[Types-sig] Re: feedback: PyDL RFC 0.4

Paul Prescod paul@prescod.net
Mon, 03 Jan 2000 23:39:45 -0500


Thanks for your feedback. I will need a lot more before we are done this
thing!

Greg Stein wrote:
> 
> Wouldn't these be called "abstract interfaces" or "parameterized
> intefaces"? That seems to be a more standard terminology.

I don't like "parameterized interface" because Sequence(Int) *is*
parameterized. I need to distinguish Sequence(_X) from Sequence(Int).

Abstract is a little better, but we aren't dealing with abstract classes
as they are known in C++ or Java.

> > Typedefs allow us to give names to complete or incomplete interfaces
> > described by interface expressions. Typedefs are an interface
> > expression re-use mechanism.
> 
> typedefs are also used to assign names to things like "Int or String".
> 
> I don't see "Int" as an interface (even though it probably is in *theory*,
> it doesn't seem that way in layman usage).

It makes the spec much easier to read and write if we think of them
uniformly as interfaces. Else we must constantly refer to "interfaces
and thingees like Int and String."

> And I still don't understand the need to specify that *two* files exist.
> Why are we going to look for two files? Isn't one sufficient?

One is where you put your hand-written declarations. The other is where
the interpreter dumps the declarations that it extracts from the Python
file. That way you can use all inline declarations, a separate file or
*both* with no danger of having your hard work overwritten.

> In the above example, we have three interface objects. One is available
> via the name "foo1" in the module-level namespace. One is available as
> "Bar.foo2" (via the class' namespace, and the class is in the module
> namespace). The third, foo2, is only available within the function Baz().

We're making a static type checking system. I don't see what runtime
definition of interfaces in a function scope buys other than confusion.
If we need to have interface decarlations in random contexts then we
should differentiate compile-time available ones with a "decl" keyword
prefix.

> I do not believe there is a need to place the interfaces into a distinct
> namespace. I'd be happy to hear one (besides forward-refs, which can be
> handled by an incomplete interface definition).

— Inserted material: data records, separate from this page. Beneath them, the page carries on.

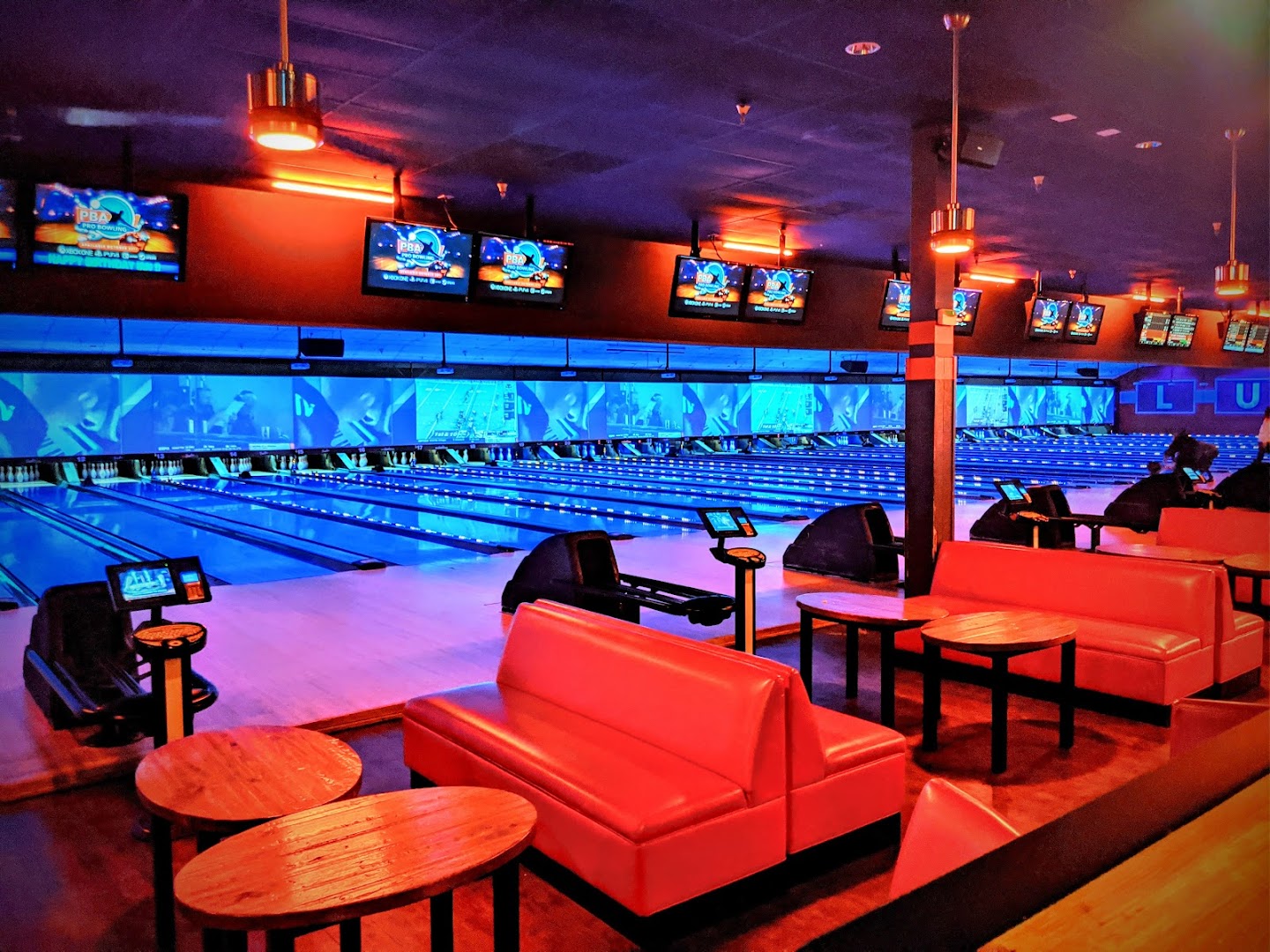 Lucky Strike Milpitas photo 2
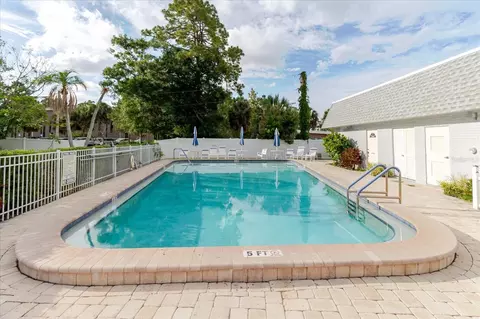 Exterior - 1201 Cara Dr, Largo, FL 33771 photo 14 of 16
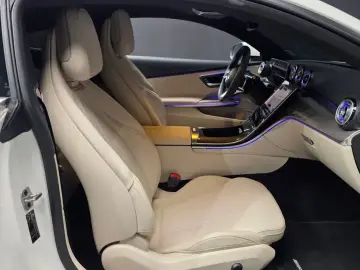2025 Mercedes-Benz CLE с пробегом 8 450 км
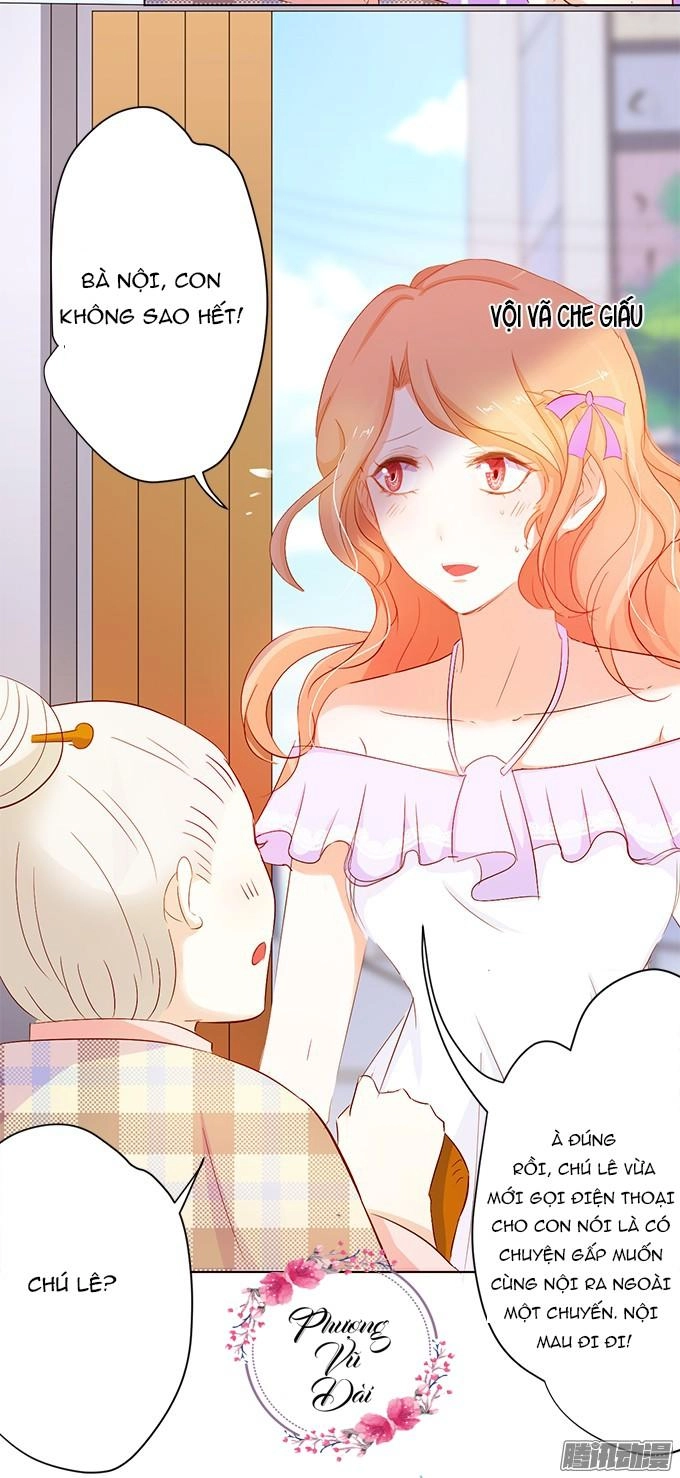 Huyết Tộc Đáng Yêu Chapter 5 - 29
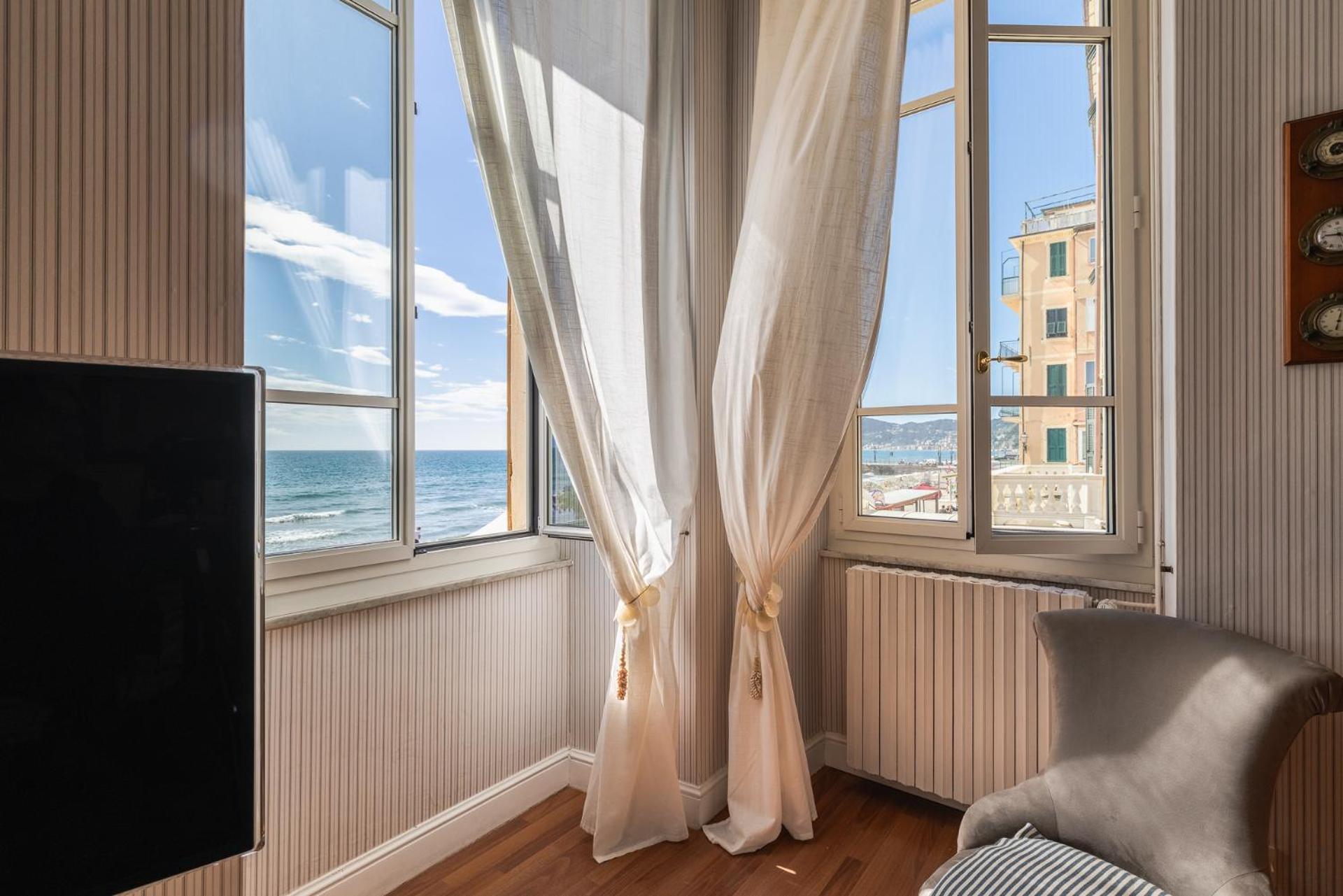 Casa D'artista Bed & Breakfast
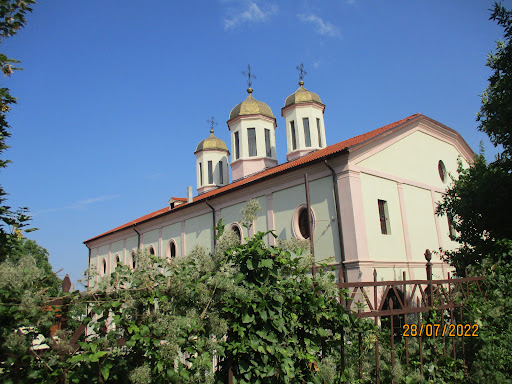 Успение Богородично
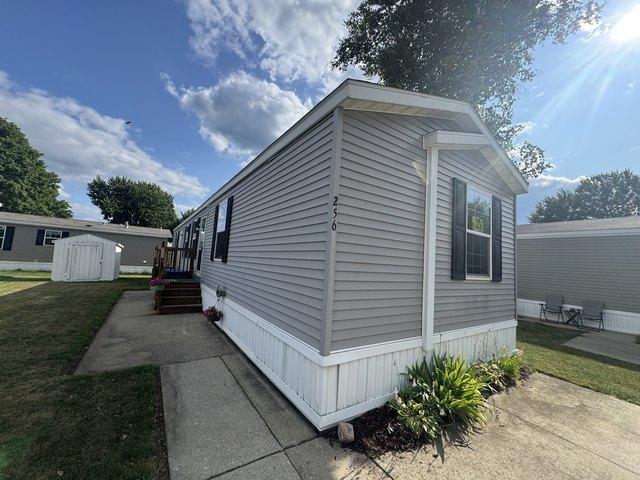 House for sale in White Lake, Wisconsin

A static type checking system exists to precede and constrain dynamism,
not to expand it.

> What does "builtin" mean? That these interfaces are magically predefined
> somewhere and available anywhere?

Yes.

> Note: you probably want to remove the plural from "Modules", "Methods",
> and *Methods.

Fixed.

> What is the "Null" interface? Is that supposed to be None's interface? I
> don't believe that we need a name for None's interface, do we? And why
> introduce a name like "Null"? That doesn't seem very descriptive of the
> interface; something like NoneInterface might be better.

Okay, I'll just use None.

> > Certain interfaces may have only one implementation. These "primitive"
> > types
> > are Int, Long, Float, String, UnboundMethods, BoundMethods, Module,
> > Function
> > and Null. Over time this list may get shorter as the Python
> > implementation is generalized to work mostly by interfaces.
> 
> I don't understand what you're saying here. This paragraph doesn't seem to
> be relevant.

It is crucial to the distinction between implementations and interfaces.
Certain types do not have such a distinction so you cannot just
implement the right attributes and expect it to "work". You cannot make
a new class that Python treats as an Integer. You cannot make a new
class that MFC treats as a window handle. Here's what I say in my
current working version:

> Sometimes there exists code that is only compatible with a single
> implementation of an interface. This is the case when the object's
> actual bit-pattern is more important than its interface. Examples
> include integers, window handles, C pointers and so forth. For this
> reason, every class is considered also an interface. Only instances of
> the class and its subclasses (if any) conform to the interface. These
> are called "implementation specific interfaces."

> > Note: The Python interface graph may not always be a tree. For
> > instance there might someday be a type that is both a mapping and a
> > sequence.
> 
> In the above statement, you're mixing up implementations (which can use
> disjoint interfaces) with the interface hierarchy. Or by "type" are you
> referring to a new interface which combines a couple interfaces?
> 
> Note that I think it is quite valid to state that interfaces must always
> be a tree, although I don't see any reason to avoid multiple-inheritance.

So if we allow multiple inheritance then they will not always be a tree,
right?

In my working draft, "Class" is a sub-interface of both "Interface" and
"Callable".

> >...
> > Interface expression language:
> > ==============================
> 
> These are normally called "type declarators". I would suggest using
> standard terminology here.

We aren't dealing with types. We are dealing with interfaces. And we
aren't dealing with declarators, but with expressions. These expressions
can be used in contexts other than type declarations.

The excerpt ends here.